La rabbia anti rom non si calma a parole

Due recenti episodi ripropongono il non risolto e sempre turbolento problema della convivenza con i nomadi ormai stabilmente stanziali dalle nostre parti. I Rom, come vuole la correttezza politica, ma che seguiterò a chiamare zingari, parola antica e nobile – bastino, a fugar dubbi, le derivazioni romantiche di tzigano o gitano - che non vedo come possa offendere.

Qualche giorno fa, a seguito delle proteste di utenti esasperati per i frequenti episodi di inciviltà e microcriminalità che si verificavano sugli autobus della linea 69 –detti popolarmente i «bus dei rom» perché conducono da Torino verso Bòrgaro, sede stabile di campi nomadi – il Comitato provinciale per l'ordine e la sicurezza ha ripristinato, su quei mezzi pubblici, la figura del bigliettaio e disposto l'installazione di telecamere di controllo, la presenza a bordo di vigili e delle forze dell'ordine alle fermate (e questo per impedire l'imbarco di passeggeri che non usano, per loro cultura, comprare il biglietto).

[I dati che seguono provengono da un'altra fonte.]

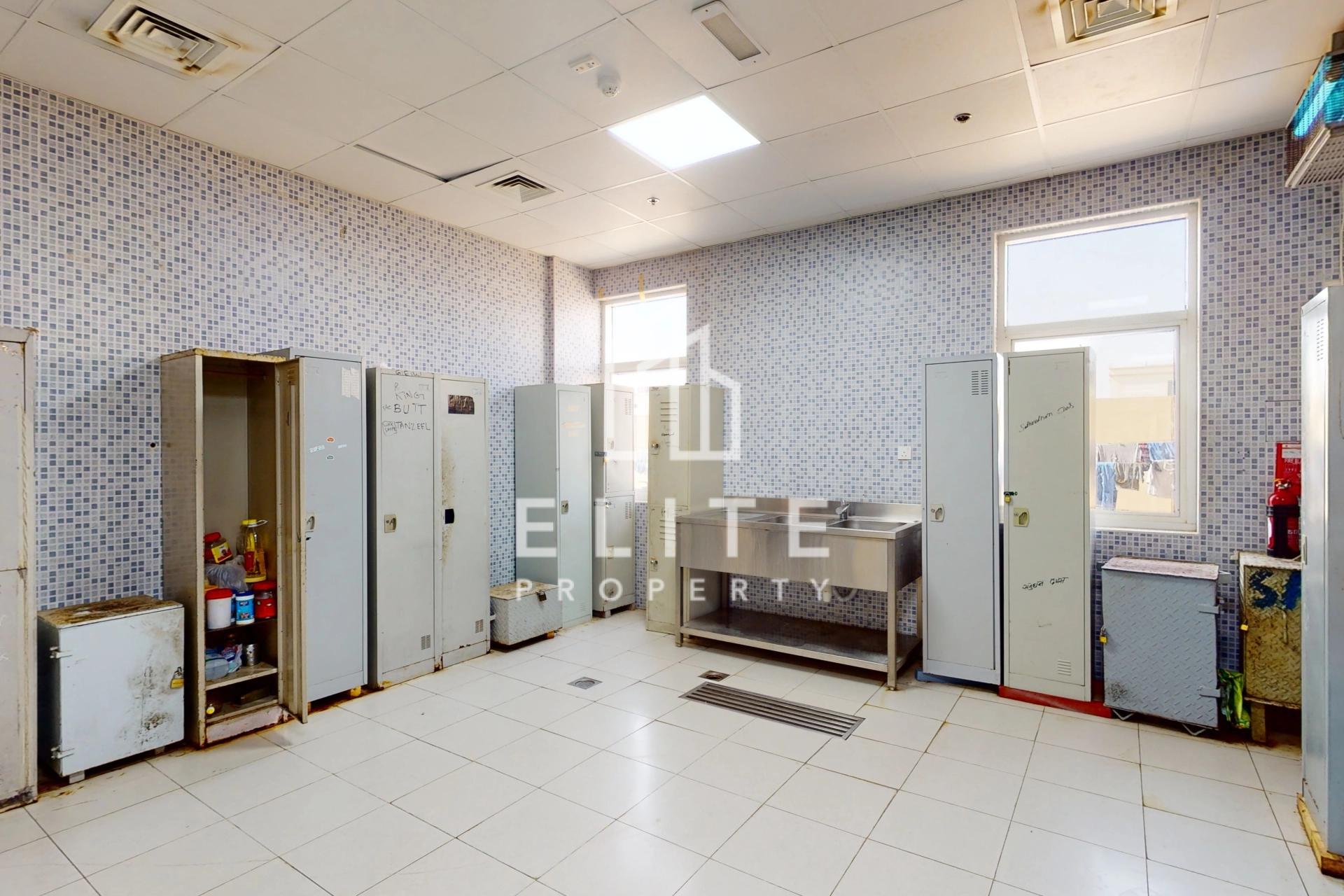 DIC LABOUR ACCOMMODATION IN TOP CONDITION FOR SALE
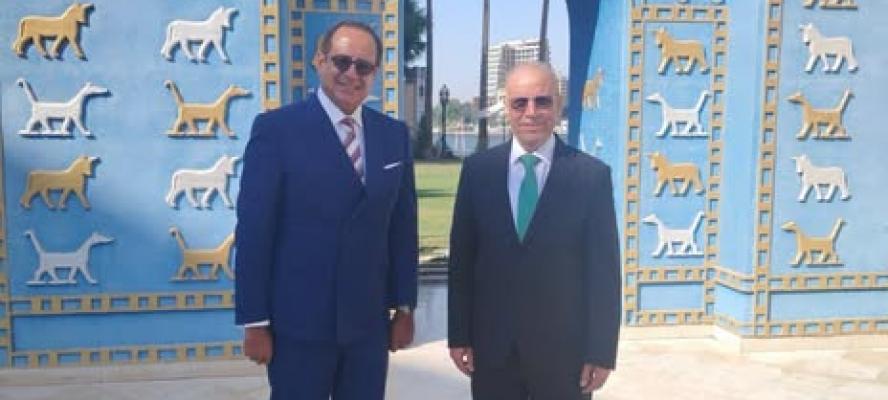 سفير العراق يبحث مع السفير المصري المُعيّن لدى بغداد آفاق تعزيز العلاقات الثنائية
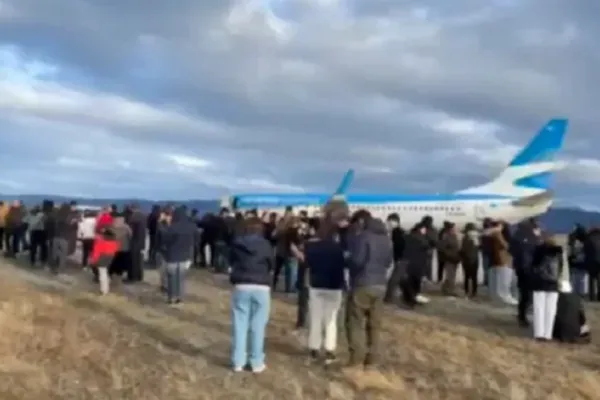 Amenaza de bomba en un avión de Aerolíneas: Marcelo Polino y Carmen Barbieri, entre los pasajeros enfurecidos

Ieri, una quarantina di mamme di Monserrato, in quel di Cagliari, hanno manifestato contro l'iniziativa del sindaco il quale, nel quadro del Percorso per l'inserimento sociale, ha chiesto e ottenuto che nella locale scuola elementare due zingare del vicino campo nomadi vi lavorassero in qualità di bidelle. La maggioranza delle mamme non ha indicato le ragioni del rifiuto: non le vogliono e basta. Una parte di loro, «riproponendo i peggiori stereotipi razzisti», come ha voluto precisare il sindaco, è stata invece categorica: «Perché sono sporche, puzzano, fanno paura ai bambini e si vestono in modo strano con quelle gonne lunghe...».

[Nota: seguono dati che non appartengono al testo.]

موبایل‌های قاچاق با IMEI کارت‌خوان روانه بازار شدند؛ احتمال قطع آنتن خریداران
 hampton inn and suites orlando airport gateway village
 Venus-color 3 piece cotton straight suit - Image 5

Seppur costosa -– bigliettai, telecamere, agenti in servizio: altri soldi, altre tasse -– la risoluzione presa a Torino è coerente con i principi (non demagogici) dell'integrazione. Gli zingari avranno la loro bella cultura, come sempre ci ricorda Laura Boldrini, Ma se è in contrasto con le nostre regole del vivere civile e le norme che vietano il borseggio e l'uso dei mezzi pubblici a sbafo, sono gli acculturati a doversi adattare. Con le buone o, semmai servisse, con le cattive. Difficile, al contrario, ammettere che l'iniziativa presa a Monserrato risponda ai criteri della integrazione che non sia quella demagogica e a senso unico.

Che «inserimento sociale» può esserci in una scuola e per di più riservata ai piccoli ostentando la propria diversità/estraneità non foss'altro, ma c'è dell'altro, che nel folklore dell'abbigliamento? C'è certo della xenofobia – non si parli di razzismo, per favore – nello stereotipo popolare dello zingaro, che è quel che sappiamo: ma tocca a loro, se davvero intendono integrarsi, il duro lavoro – culturale, questo sì - di contraddirlo.

Coi fatti, ovviamente: a parole son bravi tutti.